Sony is convinced machine learning and AI can be used to streamline development, and revealed it already leveraged the tech when developing Marvel's Spider-Man 2.

The PlayStation maker shared the tidbit during a recent corporate strategy meeting where it outlined its long-term "Creative Entertainment Vision."

The Japanese company said its 10-year plan will revolve around harnessing technology to "unleash the creativity of creators," connecting diverse people and values to "foster vibrant communities," and creating new experiences that "go beyond imagination."

The company didn't specify which new technologies it's hoping to deploy, but noted it's already using AI tech and machine learning to "support IP value maximization." What does that mean in practice? Sony claims it's about finding new solutions to existing problems so franchises can be "delivered rapidly and at a low cost."
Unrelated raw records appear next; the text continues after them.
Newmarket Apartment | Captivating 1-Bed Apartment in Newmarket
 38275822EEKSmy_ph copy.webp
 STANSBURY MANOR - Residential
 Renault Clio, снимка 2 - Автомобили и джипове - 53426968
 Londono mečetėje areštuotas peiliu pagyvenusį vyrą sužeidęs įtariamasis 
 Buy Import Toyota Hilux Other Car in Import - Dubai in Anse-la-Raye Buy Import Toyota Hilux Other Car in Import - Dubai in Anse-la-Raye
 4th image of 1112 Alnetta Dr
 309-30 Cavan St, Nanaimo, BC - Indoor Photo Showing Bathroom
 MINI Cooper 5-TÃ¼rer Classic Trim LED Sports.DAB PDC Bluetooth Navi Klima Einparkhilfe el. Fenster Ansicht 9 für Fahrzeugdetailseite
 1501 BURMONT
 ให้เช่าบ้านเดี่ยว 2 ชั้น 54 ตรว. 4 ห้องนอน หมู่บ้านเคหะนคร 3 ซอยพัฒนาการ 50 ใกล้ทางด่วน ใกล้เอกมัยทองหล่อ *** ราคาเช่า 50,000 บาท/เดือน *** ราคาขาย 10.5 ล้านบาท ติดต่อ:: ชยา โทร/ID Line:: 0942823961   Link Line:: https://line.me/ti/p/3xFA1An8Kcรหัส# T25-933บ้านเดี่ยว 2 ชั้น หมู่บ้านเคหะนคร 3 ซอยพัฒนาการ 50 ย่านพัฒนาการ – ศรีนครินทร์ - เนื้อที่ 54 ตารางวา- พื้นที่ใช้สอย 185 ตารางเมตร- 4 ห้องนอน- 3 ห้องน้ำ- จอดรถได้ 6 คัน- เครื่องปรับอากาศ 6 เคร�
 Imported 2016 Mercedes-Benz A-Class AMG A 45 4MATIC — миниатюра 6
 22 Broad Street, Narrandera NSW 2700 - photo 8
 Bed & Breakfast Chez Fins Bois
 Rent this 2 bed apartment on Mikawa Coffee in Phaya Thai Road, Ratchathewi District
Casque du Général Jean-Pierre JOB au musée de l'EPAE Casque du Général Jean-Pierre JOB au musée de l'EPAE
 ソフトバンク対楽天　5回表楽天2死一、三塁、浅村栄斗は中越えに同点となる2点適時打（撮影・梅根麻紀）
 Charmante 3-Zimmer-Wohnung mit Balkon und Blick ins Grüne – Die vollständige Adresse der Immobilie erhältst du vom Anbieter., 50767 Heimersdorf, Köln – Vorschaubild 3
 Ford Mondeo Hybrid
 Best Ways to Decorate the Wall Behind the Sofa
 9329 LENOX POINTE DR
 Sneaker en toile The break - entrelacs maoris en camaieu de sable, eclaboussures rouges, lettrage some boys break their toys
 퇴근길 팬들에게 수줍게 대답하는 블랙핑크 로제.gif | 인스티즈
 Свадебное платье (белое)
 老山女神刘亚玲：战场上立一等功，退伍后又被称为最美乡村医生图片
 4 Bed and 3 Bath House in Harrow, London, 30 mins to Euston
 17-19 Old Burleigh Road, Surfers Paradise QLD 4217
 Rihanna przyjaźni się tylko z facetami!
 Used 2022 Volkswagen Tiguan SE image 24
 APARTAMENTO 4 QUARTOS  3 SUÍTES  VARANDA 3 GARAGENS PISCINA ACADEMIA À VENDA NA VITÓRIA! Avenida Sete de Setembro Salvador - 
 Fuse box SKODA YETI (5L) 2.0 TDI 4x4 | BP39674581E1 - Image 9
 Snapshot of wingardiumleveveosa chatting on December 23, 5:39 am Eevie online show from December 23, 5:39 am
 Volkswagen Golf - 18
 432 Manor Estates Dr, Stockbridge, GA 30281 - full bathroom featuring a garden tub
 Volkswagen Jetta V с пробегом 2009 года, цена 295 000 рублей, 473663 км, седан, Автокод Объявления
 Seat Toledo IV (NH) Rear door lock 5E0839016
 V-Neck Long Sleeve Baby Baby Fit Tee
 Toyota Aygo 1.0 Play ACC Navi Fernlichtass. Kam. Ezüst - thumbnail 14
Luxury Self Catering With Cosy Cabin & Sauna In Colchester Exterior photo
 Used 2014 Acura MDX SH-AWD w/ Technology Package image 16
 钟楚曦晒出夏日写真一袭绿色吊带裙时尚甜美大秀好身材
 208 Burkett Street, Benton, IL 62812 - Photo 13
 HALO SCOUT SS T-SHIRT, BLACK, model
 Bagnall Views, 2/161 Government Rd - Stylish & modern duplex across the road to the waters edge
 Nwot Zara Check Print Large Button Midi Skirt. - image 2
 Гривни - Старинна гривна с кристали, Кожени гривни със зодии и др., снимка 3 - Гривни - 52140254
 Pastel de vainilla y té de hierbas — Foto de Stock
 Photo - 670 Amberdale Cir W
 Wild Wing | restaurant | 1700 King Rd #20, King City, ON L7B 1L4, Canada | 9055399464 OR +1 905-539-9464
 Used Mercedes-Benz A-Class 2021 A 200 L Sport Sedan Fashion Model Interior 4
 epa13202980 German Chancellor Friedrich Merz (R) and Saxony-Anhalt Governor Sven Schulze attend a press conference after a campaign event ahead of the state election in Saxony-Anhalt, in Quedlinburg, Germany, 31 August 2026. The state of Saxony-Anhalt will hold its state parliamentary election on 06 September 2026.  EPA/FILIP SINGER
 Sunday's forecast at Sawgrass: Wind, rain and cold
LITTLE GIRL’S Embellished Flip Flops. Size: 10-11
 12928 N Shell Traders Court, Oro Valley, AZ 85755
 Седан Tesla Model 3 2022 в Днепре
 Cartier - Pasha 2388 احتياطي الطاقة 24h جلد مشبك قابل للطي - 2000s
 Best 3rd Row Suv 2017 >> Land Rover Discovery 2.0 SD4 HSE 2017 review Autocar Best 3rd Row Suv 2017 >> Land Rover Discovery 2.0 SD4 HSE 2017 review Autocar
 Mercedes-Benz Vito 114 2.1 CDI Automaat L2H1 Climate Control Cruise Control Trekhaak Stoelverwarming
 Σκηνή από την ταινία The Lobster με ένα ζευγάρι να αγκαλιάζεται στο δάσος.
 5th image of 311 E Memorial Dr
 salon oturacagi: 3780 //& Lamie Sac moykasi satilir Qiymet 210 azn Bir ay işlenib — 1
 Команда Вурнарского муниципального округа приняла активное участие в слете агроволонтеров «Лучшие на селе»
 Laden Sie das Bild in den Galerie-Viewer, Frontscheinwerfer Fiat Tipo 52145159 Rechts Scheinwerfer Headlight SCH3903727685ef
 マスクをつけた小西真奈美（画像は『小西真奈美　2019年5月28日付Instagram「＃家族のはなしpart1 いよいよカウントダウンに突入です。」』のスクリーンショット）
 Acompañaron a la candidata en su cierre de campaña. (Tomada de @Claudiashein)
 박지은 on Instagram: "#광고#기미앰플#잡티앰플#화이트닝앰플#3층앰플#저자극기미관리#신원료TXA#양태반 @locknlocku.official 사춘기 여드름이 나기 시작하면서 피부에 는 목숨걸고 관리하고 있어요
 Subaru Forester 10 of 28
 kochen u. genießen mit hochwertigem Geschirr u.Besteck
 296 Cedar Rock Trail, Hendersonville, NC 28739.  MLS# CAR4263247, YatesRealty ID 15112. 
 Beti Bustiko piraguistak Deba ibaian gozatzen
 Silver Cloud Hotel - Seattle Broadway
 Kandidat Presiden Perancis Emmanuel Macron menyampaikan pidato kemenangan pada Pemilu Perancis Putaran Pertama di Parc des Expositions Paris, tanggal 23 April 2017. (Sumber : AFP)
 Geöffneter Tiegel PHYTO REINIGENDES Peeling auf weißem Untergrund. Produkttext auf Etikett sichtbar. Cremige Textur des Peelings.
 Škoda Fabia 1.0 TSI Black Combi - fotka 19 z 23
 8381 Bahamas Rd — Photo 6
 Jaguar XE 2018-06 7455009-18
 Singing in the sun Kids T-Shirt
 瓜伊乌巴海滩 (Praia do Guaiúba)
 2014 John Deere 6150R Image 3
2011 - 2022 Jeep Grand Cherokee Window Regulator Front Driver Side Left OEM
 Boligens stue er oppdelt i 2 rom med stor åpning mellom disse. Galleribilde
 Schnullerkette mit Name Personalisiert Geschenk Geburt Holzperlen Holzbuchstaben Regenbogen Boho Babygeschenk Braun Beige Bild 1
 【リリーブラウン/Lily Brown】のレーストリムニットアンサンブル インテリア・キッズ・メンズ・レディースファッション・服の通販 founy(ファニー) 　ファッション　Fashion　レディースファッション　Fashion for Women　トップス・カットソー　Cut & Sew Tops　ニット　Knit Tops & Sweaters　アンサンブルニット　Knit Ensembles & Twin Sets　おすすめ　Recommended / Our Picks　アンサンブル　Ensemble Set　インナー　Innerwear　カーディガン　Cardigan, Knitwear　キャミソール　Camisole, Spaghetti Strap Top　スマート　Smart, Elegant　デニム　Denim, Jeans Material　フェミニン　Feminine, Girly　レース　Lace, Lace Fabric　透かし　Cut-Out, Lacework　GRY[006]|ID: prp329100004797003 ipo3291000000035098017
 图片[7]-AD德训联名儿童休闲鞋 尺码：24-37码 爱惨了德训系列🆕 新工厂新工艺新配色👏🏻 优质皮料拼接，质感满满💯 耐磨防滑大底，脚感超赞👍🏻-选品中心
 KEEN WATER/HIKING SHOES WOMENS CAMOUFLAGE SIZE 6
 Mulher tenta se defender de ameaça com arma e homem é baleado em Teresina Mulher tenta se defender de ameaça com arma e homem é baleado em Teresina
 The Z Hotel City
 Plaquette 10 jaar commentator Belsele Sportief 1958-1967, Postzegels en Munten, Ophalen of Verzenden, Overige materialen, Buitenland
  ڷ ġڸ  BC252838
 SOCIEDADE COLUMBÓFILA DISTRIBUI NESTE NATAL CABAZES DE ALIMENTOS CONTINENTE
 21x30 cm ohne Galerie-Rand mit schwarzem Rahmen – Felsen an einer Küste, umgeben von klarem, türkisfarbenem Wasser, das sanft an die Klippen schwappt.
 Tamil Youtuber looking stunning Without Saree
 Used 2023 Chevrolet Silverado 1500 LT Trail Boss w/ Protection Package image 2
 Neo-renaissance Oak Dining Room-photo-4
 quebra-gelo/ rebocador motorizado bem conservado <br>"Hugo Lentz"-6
Throwing out an example of that philosophy in action, Sony explained Marvel's Spider-Man 2 developer Insomniac Games recently "utilized machine learning and applied original voice recognition software specialized for gaming" to enable the automatic synchronization of subtitles in certain languages. It's claimed the technique "significantly" shortened the subtitling process by making it easier to sync subs with character dialogue.

There's been plenty of AI chatter at Sony this week. Naughty Dog studio head Neil Druckmann advocated for the tech in an interview published on the company website and claimed it could "revolutionize" development and enable studios to "take on more adventurous projects and push the boundaries of storytelling in games."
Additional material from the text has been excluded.